At its core, geophysics is about uncovering what lies underground. It’s a discipline that supports a wide range of scientific applications, from hydrocarbon exploration to environmental remediation. At WMU’s Hydrogeology Field Camp, Mine ensures her students genuinely understand how geophysics applies to various aspects of science.

“Certain applications of geophysics can serve different areas of science,” Mine explained. “We have seismic methods, like seismic reflection, that we use for deep underground formations, usually for hydrocarbon exploration, petroleum, and gas. We also have instruments and methodologies that we use to aim for more shallow depths, typically down to 100 meters—and we use those methods to track how environmental issues have changed the physical properties of the ground.”

To explain how this all works, Professor Dogan shares a relatable scenario. Imagine owning a home with an ocean view and drilling a well in your backyard to water your garden. You’re expecting fresh water, but because you’ve pumped too aggressively, you deplete the aquifer and pull in salt water from the ocean. That salty intrusion contaminates your groundwater and is considered environmental pollution.

This is where electrical resistivity comes in. Pure water has extremely high resistivity—it doesn’t conduct electricity. But add a grain of salt, and suddenly the sodium and chloride ions make the water conductive. By measuring the resistivity of subsurface layers, geophysicists can detect these changes. If there’s salt water present, it shows up as a zone of low resistivity. That highlights exactly where the contamination is and how far it’s spread. From there, a remediation plan can be developed, like injecting fresh water into the aquifer to push the salt water back out toward the ocean. In other words, geophysics makes it easy to see what’s happening under the surface. And in Mine’s course, students learn how to gather, visualize, and analyze this insight so they can tackle real-world, complex challenges.

To equip students to successfully approach complex challenges in the real world, Mine guides them through various parts of the scientific process: gathering data, visualizing it, and analyzing it to see what the information reveals. To jumpstart this process, students collect electrical resistivity data, which they gather using 1D, 2D, and 3D survey schemes. With the 2D approach, Mine helps the students create a cross-section of the ground. Then, from there, she instructs students to use Surfer to bring their data to life. 

“My students put together the electrical resistivity measurements they collected into an XYZ file,” Mine explained. “They grid that and create a contour map of that cross-section.”

The students’ maps reveal how electrical resistivity values change with depth and location, helping them locate key features such as a water table boundary and buried targets, the latter being particularly interesting. The field camp’s dedicated test site—originally designed by a former professor—includes buried objects that simulate real-world conditions. It’s the students’ job to find those objects using various data collection methods, including electrical resistivity. But electrical resistivity is just one tool in their toolbox.
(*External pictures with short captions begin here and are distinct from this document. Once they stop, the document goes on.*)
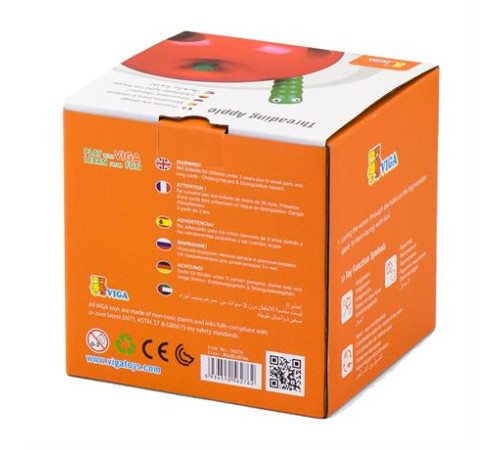 Дерев'яна шнурівка Viga Toys Яблучко (56276) Дерев'яна шнурівка Viga Toys Яблучко (56276)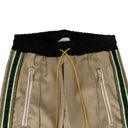 Beige Rayon Gold/Green Side Stripe Traxedo Pants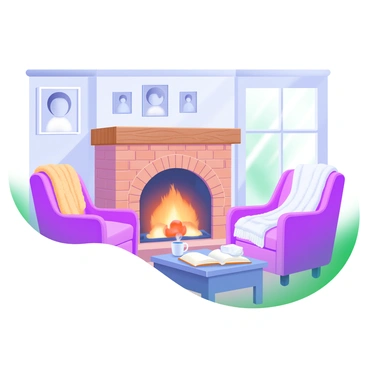 A warm fireplace in a cozy living room, illustrating a stable and inviting home environment.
Students also explore magnetic methods, which focus on detecting metallic objects underground. Why does this matter? Because metals like iron and nickel become weak magnets when exposed to the Earth’s magnetic field. If a sealed steel drum filled with hazardous chemicals was buried decades ago—and is now corroding and leaking—students must be able to track it down by measuring how it disrupts the Earth’s magnetic field. Fortunately, there are steel drums buried in WMU’s test site. Using magnetic readings and Surfer’s visualization capabilities, students map anomalies and locate these underground hazards with impressive precision.

“We live in the Earth’s huge magnetic field,” Mine explained. “So your keys in your pocket are weak magnets because they sit in that field. When something underground disturbs that field, our instruments can pick it up, and our students can find it.”

The final method students practice is electromagnetic surveying, which is especially useful for identifying conductive objects, including those same steel drums. Because they’re metal, they generate secondary electromagnetic fields when excited by a primary field. Students are responsible for measuring the distribution of these fields and using Surfer to visualize the data and pinpoint buried objects.

“Surfer plays a central role in helping my students interpret what’s beneath their feet,” Mine said. “The moment they grid their data and see that target light up, it all clicks. The software turns numbers into meaning.”

That moment where the map comes together and the hidden target is revealed isn’t just an educational milestone. It’s a moment that brings students genuine joy. As Mine explained, “The happiest they are is when I tell them we have a buried target, and they’ve found it. That’s the moment they’ve found the treasure.”